Three-Dimensional SCFTs, Supersymmetric Domain Wall and Renormalization Group Flow

TL;DR

This work analyzes a $SU(3)\times U(1)$-invariant stationary point of gauged $N=8$ supergravity and shows that deforming the ${\bf S}^7$ compactification induces a holographic RG flow in the dual 3D SCFT from a maximal $SO(8)$ UV fixed point to an $\mathcal{N}=2$ $SU(3)\times U(1)$ IR fixed point.
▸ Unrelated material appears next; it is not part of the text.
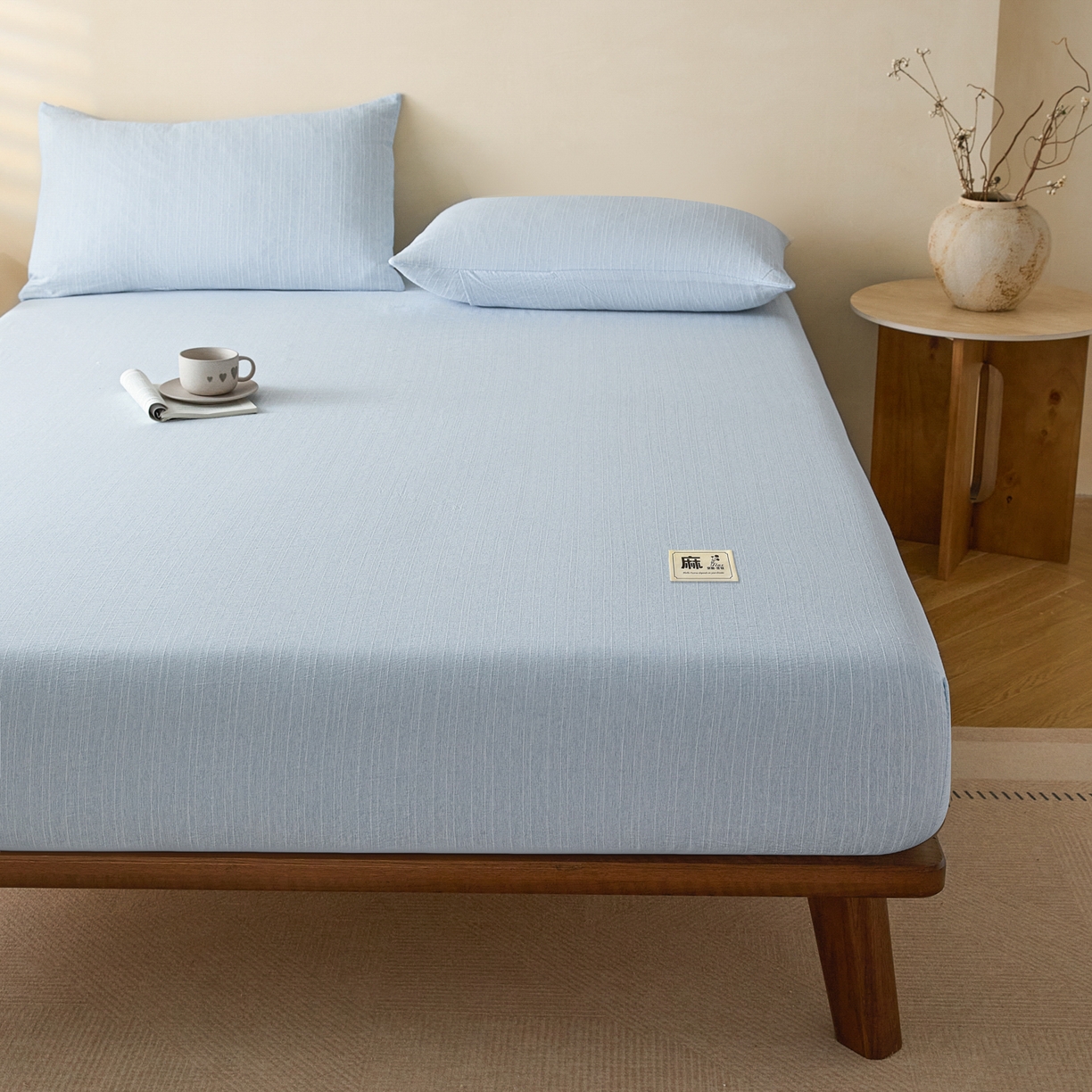 91家纺网 家纺一手货源 找家纺 蓝极人 2026新款提花色织水洗麻床笠 CL湖水蓝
By constructing the explicit $28$-bein variables $u,v$ in the $56$-dimensional representation of $E_7$, the authors derive the $A_1,A_2$ tensors and identify an eigenvalue of $A_1$ with the superpotential $W$, enabling a 4D BPS domain-wall description of the flow. They compute the mass spectra of the scalar fluctuations around both fixed points to determine the conformal dimensions of the perturbing operator: the deformation is relevant at the UV fixed point ($\Delta=1$ or $2$) and irrelevant at the IR fixed point ($\Delta \approx 4.56$). A numerical steepest-descent integration of the BPS equations yields a smooth domain-wall interpolating between the two AdS$_4$ vacua, illustrating a concrete holographic realization of a 3D SCFT RG flow with explicit supergravity data. The results provide a detailed map between bulk deformations and boundary operator dimensions, with explicit machinery for exploring AdS/CFT in lower dimensions.

Abstract

By analyzing SU(3)xU(1) invariant stationary point, studied earlier by Nicolai and Warner, of gauged N=8 supergravity, we find that the deformation of S^7 gives rise to nontrivial renormalization group flow in a three-dimensional boundary super conformal field theory from N=8, SO(8) invariant UV fixed point to N=2, SU(3)xU(1) invariant IR fixed point. By explicitly constructing 28-beins u, v fields, that are an element of fundamental 56-dimensional representation of E_7, in terms of scalar and pseudo-scalar fields of gauged N=8 supergravity, we get A_1, A_2 tensors. Then we identify one of the eigenvalues of A_1 tensor with ``superpotential'' of de Wit-Nicolai scalar potential and discuss four-dimensional supergravity description of renormalization group flow, i.e. the BPS domain wall solutions which are equivalent to vanishing of variation of spin 1/2, 3/2 fields in the supersymmetry preserving bosonic background of gauged N=8 supergravity. A numerical analysis of the steepest descent equations interpolating two critical points is given.

Figures (3)

• Figure 1: Scalar potential $V(\lambda, \lambda')$. The left axis corresponds to $\lambda$ and right one does $\lambda'$. The extremum value $V=-9\sqrt{3}/2=-7.79$ for $SU(3) \times U(1)$ occurs around $\lambda=0.78$ and $\lambda'=0.93$ while the local maximum value $V=-6$ for $SO(8)$ appears around $\lambda=0$ and $\lambda'=0$. We take $g^2$ as 1 for simplicity.
• Figure 2: The contour map of $V$ (on the left) and $W$ (on the right), with $\lambda'$ on the vertical axis and $\lambda$ on the horizontal axis. $V$ has vanishing first derivatives in all directions orthogonal to the plane. At $(\lambda, \lambda')=(0, 0)$, it is the maximally supersymmetric and locally maximum of $V$ while minimum of $W$. At $(\lambda, \lambda')=(0.78, 0.93)$, it is ${\cal N}=2$ supersymmetric and other extremum of both $V$ and $W$.
• Figure 3: The plots of $e^{\frac{\lambda}{2\sqrt{2}}}$ (on the left), $e^{\frac{\lambda'}{2\sqrt{2}}}$ (on the middle) and $\partial_r A$ (on the right), with $\tanh r$ on the horizontal axis. They arrive at 1, 1, 2.40 respectively when $r \rightarrow \infty$ or $\tanh r|_{r \rightarrow \infty} =1$. The value of $\lambda =0=\lambda'$ corresponds to the expectation values of fields of UV fixed point. The asymptotic value of last one is consistent with the vlaue of $\partial_r A = \sqrt{2} g W$ at UV fixed point where $W =1$. We took $g=1.7$ for simplicity.